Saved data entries
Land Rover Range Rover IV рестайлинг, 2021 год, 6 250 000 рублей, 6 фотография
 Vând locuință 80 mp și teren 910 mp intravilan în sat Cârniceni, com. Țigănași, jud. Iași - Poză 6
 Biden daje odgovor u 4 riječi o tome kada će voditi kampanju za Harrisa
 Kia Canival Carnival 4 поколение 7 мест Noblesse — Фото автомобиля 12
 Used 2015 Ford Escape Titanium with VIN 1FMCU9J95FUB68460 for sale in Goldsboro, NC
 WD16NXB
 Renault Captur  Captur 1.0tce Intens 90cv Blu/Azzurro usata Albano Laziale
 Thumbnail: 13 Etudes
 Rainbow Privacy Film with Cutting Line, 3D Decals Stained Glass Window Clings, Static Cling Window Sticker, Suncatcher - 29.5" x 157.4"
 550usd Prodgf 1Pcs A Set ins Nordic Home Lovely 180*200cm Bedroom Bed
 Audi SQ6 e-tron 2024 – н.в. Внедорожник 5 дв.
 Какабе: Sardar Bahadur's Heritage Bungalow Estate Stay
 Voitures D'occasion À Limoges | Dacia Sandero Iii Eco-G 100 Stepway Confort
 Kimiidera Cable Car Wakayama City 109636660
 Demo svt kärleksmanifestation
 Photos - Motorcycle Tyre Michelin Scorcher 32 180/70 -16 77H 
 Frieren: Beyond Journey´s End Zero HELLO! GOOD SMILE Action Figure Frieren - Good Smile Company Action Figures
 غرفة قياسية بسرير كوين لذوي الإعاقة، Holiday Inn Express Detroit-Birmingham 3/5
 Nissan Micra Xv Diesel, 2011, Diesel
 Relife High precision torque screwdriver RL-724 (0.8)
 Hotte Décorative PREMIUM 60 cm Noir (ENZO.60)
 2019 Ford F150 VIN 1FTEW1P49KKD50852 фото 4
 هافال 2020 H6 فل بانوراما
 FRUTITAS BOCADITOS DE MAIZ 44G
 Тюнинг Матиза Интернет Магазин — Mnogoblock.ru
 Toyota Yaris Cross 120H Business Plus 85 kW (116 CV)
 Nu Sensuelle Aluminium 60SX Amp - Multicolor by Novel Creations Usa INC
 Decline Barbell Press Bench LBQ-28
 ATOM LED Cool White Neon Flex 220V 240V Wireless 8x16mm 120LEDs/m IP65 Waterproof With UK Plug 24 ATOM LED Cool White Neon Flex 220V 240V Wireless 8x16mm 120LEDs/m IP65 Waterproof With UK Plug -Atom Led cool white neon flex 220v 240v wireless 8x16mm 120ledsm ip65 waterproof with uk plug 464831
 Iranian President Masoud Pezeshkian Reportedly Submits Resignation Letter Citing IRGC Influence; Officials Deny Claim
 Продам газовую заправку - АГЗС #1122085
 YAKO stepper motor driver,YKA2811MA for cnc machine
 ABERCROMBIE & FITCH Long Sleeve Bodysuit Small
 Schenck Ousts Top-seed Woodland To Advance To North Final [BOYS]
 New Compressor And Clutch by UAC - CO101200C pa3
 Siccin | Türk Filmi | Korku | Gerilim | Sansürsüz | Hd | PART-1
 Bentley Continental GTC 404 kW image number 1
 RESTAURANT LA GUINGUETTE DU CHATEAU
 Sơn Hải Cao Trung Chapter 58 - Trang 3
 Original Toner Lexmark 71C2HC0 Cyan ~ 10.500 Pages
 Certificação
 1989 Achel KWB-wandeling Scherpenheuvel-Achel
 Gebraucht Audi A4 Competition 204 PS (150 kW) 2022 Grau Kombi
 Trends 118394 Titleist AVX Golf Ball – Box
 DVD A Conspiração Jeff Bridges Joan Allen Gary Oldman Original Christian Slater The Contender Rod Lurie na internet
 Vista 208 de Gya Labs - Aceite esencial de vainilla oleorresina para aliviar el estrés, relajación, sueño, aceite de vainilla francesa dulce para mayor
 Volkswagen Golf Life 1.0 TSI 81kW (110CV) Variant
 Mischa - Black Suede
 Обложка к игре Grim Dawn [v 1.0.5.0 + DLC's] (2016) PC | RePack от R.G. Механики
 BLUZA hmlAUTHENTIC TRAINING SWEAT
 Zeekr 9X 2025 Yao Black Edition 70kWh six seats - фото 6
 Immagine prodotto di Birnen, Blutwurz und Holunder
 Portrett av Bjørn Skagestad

TASK STATEMENT
Copy out, word for word, the part of the entries above that begins at the line with "Frieren: Beyond Journey´s" and ends at the line with "Decline Barbell Press Bench LBQ-28", including both.

RESULT
 Frieren: Beyond Journey´s End Zero HELLO! GOOD SMILE Action Figure Frieren - Good Smile Company Action Figures
 غرفة قياسية بسرير كوين لذوي الإعاقة، Holiday Inn Express Detroit-Birmingham 3/5
 Nissan Micra Xv Diesel, 2011, Diesel
 Relife High precision torque screwdriver RL-724 (0.8)
 Hotte Décorative PREMIUM 60 cm Noir (ENZO.60)
 2019 Ford F150 VIN 1FTEW1P49KKD50852 фото 4
 هافال 2020 H6 فل بانوراما
 FRUTITAS BOCADITOS DE MAIZ 44G
 Тюнинг Матиза Интернет Магазин — Mnogoblock.ru
 Toyota Yaris Cross 120H Business Plus 85 kW (116 CV)
 Nu Sensuelle Aluminium 60SX Amp - Multicolor by Novel Creations Usa INC
 Decline Barbell Press Bench LBQ-28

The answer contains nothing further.